Fixes#144196
Extends #144106 and #144110
## Open Problems:
- [ ] Annotating with `numbers.Number` is a bad idea, should consider using `float`, `SupportsFloat` or some `Procotol`. https://github.com/pytorch/pytorch/pull/144197#discussion_r1903324769
# Notes
- `beta.py`: needed to add `type: ignore` since `broadcast_all` is untyped.
- `categorical.py`: converted `else` branches of mutually exclusive arguments to `if` branch[^2].
- ~~`dirichlet.py`: replaced `axis` with `dim` arguments.~~ #144402
- `gemoetric.py`: converted `else` branches of mutually exclusive arguments to `if` branch[^2].
- ~~`independent.py`: fixed bug in `Independent.__init__` where `tuple[int, ...]` could be passed to `Distribution.__init__` instead of `torch.Size`.~~ **EDIT:** turns out the bug is related to typing of `torch.Size`. #144218
- `independent.py`: made `Independent` a generic class of its base distribution.
- `multivariate_normal.py`: converted `else` branches of mutually exclusive arguments to `if` branch[^2].
- `relaxed_bernoulli.py`: added class-level type hint for `base_dist`.
- `relaxed_categorical.py`: added class-level type hint for `base_dist`.
- ~~`transforms.py`: Added missing argument to docstring of `ReshapeTransform`~~ #144401
- ~~`transforms.py`: Fixed bug in `AffineTransform.sign` (could return `Tensor` instead of `int`).~~ #144400
- `transforms.py`: Added `type: ignore` comments to `AffineTransform.log_abs_det_jacobian`[^1]; replaced `torch.abs(scale)` with `scale.abs()`.
- `transforms.py`: Added `type: ignore` comments to `AffineTransform.__eq__`[^1].
- `transforms.py`: Fixed type hint on `CumulativeDistributionTransform.domain`. Note that this is still an LSP violation, because `Transform.domain` is defined as `Constraint`, but `Distribution.domain` is defined as `Optional[Constraint]`.

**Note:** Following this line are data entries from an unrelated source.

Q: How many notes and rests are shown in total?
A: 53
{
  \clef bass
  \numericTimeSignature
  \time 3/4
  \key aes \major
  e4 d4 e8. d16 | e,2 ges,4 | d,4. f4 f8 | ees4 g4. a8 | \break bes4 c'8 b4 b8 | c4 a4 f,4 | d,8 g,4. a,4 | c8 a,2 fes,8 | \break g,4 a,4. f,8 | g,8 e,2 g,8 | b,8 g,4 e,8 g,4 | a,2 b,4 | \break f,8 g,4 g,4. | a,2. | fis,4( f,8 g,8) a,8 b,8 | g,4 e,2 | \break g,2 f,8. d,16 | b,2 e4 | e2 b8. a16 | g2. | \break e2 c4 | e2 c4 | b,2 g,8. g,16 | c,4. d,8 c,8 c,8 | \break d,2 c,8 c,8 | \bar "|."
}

- skipped: `constraints.py`, `constraints_registry.py`, `kl.py`, `utils.py`, `exp_family.py`, `__init__.py`.
## Remark
`TransformedDistribution`: `__init__` uses the check `if reinterpreted_batch_ndims > 0:`, which can lead to the creation of `Independent` distributions with only 1 component. This results in awkward code like `base_dist.base_dist` in `LogisticNormal`.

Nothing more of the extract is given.